Baba oğul, rahat etmesi için çırpınırken Aysel ve hizmetçi Benan Öz’ün davranışları çok kırıcı. “Hayatta yüzü hiç gülmemiş” genç kıza, bir sığıntı muamelesi yapıyorlar. Faruk’ta gözü olan Necla da kıskançlık içinde. Saldırmak için fırsat kolluyor. Aysel’in müstakbel nişanlısı Banker Cevat ise Pınar’ı gördükten sonra sözlüsünü unutuverir.

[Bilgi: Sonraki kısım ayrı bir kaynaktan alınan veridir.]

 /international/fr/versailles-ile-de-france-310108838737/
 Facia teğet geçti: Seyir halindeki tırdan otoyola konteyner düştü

Paul Mauriat’nın “C’est La Vie… Lily” (1970) uzunçalarındaki neşeli marş “Balapapa” (Jean Kluger / Catherine Desage).
Hayri Bey, yine kucak dolusu armağanla gelmiş. Amacı, genç kızın geçmişte olanları unutması, kalbinin yeniden yaşama sevinciyle dolması. Necmi’ye ait hissesinin bir kısmı için 500 bin liralık çek verir. (İleride, aile maddi sıkıntıya düşünce kullanılacaktır).

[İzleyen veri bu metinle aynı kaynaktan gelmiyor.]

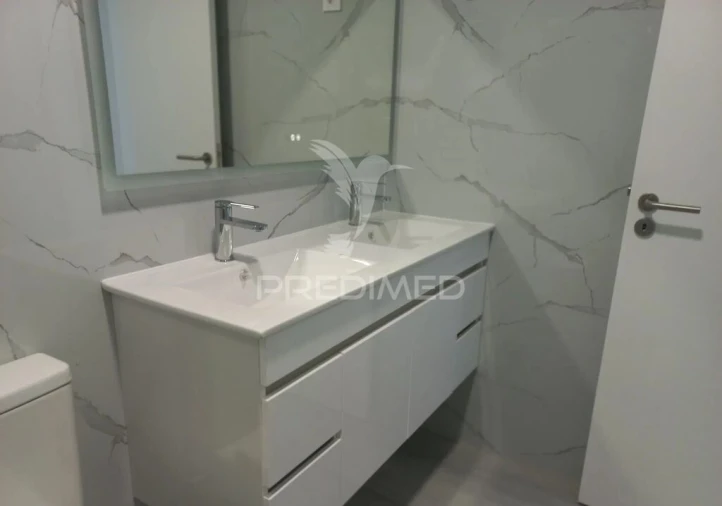 Apartamento T4 para Venda em Amora Foto 20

Francis Lai bestesi “Dans La Poussiére Du Soleil” (1971).
Faruk’la Pınar, birbirlerini sevmiş. Deniz kenarında, küçük çayevinde ne kadar mutluydular. Keşke işler hep böyle devam etse.

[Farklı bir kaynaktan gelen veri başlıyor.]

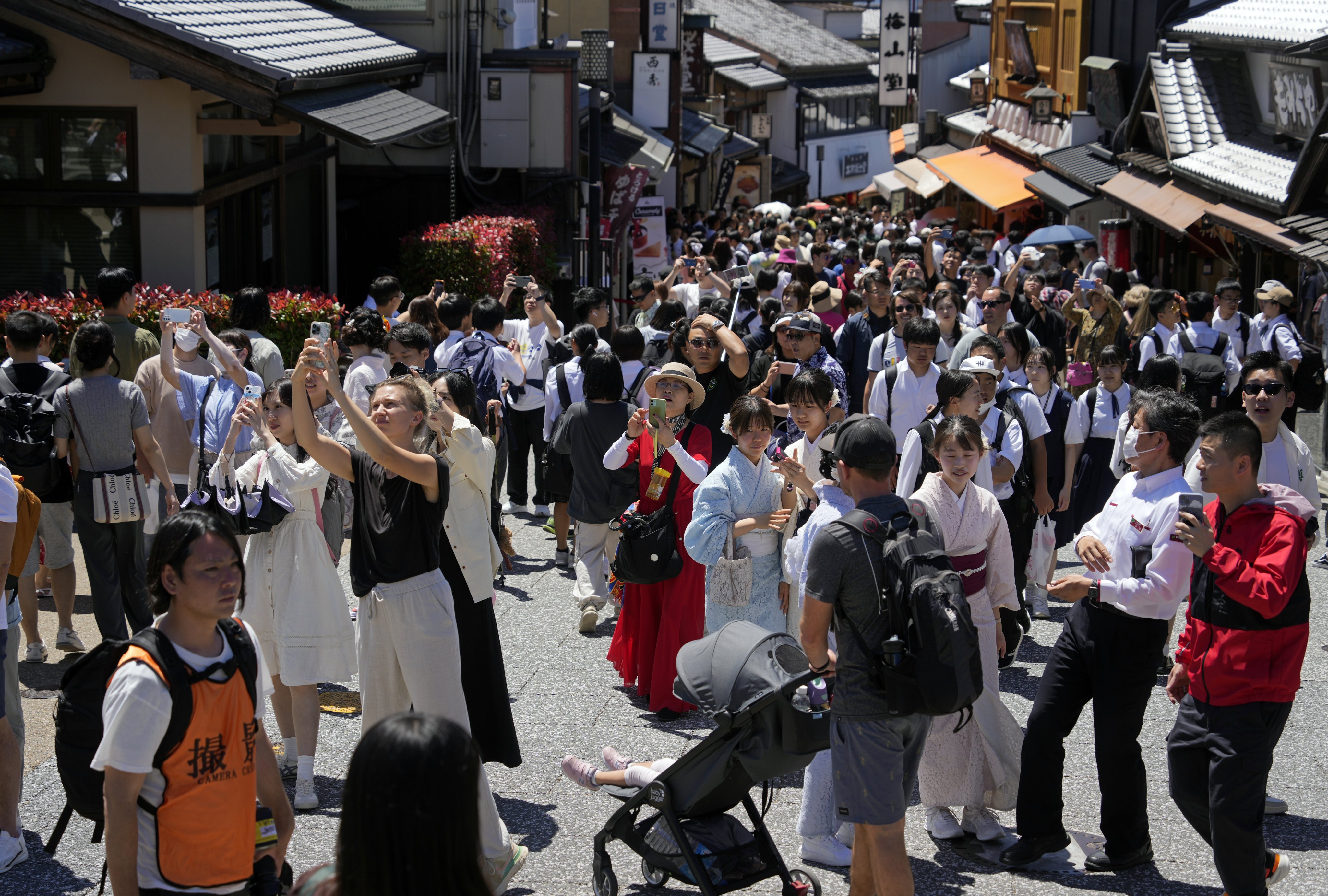 Tourists gather before Kiyomizu-dera temple, a famous tourist destination near Gion district, in Kyoto, Japan. Photo: EPA-EFE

Nicola Di Bari‘nin “La Prima Cosa Bella” (1970) şarkısıyla başlayan davette Necla, sevdiğinin hoşuna gitsin diye Frédéric Chopin‘den “Mi Bemol Majör Op. 18 Grande Valse Brillante“yi (1833) çalıyor. Konservatuvar konserinde dinlemiş, çok beğenmişler. Delikanlı farkında bile değil; “Hatırlayamadım.” Cevat’ın aşırılıkları nedeniyle dayak yediği o gece, güzel şekilde bitiyor. Pınar ve Faruk evliğe karar verirler.
Balayına gidiş, Paul Mauriat’nın “Le Passeger De La Pluie” (1970) albümündeki “Raindrops Keep Fallin’ On My Head” ile
“Airport” (1970) filminin Alfred Newman imzalı ana teması eşliğinde, balayındaki mutluluk, bir telgrafla yarım kalır.
“Antrepo yanmış… 2 milyon lira zarar. İflas. Babamın yüreğine inmiş.”
Aysel, başlarına gelen bu felaketten Pınar’ı sorumlu tutuyor. “Uğursuzluk getirdin bize.” Kaçmasına neden olur kahramanımızın.
Son 20 dakika, ayrı bir film gibi. Yardımına, yine Remzi yetişir. Nahide Teyze’nin pansiyonunda bir oda bulur. Kızı Umut’un doğumu burada. Söylediği ninniyi çok beğenen ‘musiki hocası’ Nubar Terziyan’ın yardımıyla şarkıcılığa başlar. Faruk da her yerde O’nu arıyordu. Gazeteye ilan bile vermiş. Hoş bir rastlantı, Pınar’ın gazino ilanıyla yan yana çıkıyor. Hiç olmazsa gazete sayfasında bir aradalar! Kavuşmaları Nubar Terziyan’ın gayretiyle.
Tony Osborne’un “Incidentally” (1968) albümündeki ‘Tant’ ile akşam yemeği ve “Il Diritto Di Amare” ile dans.
Faruk: “Seni…“
Pınar: “(Eliyle delikanlıyı susturarak) Söyleme. Ben de.”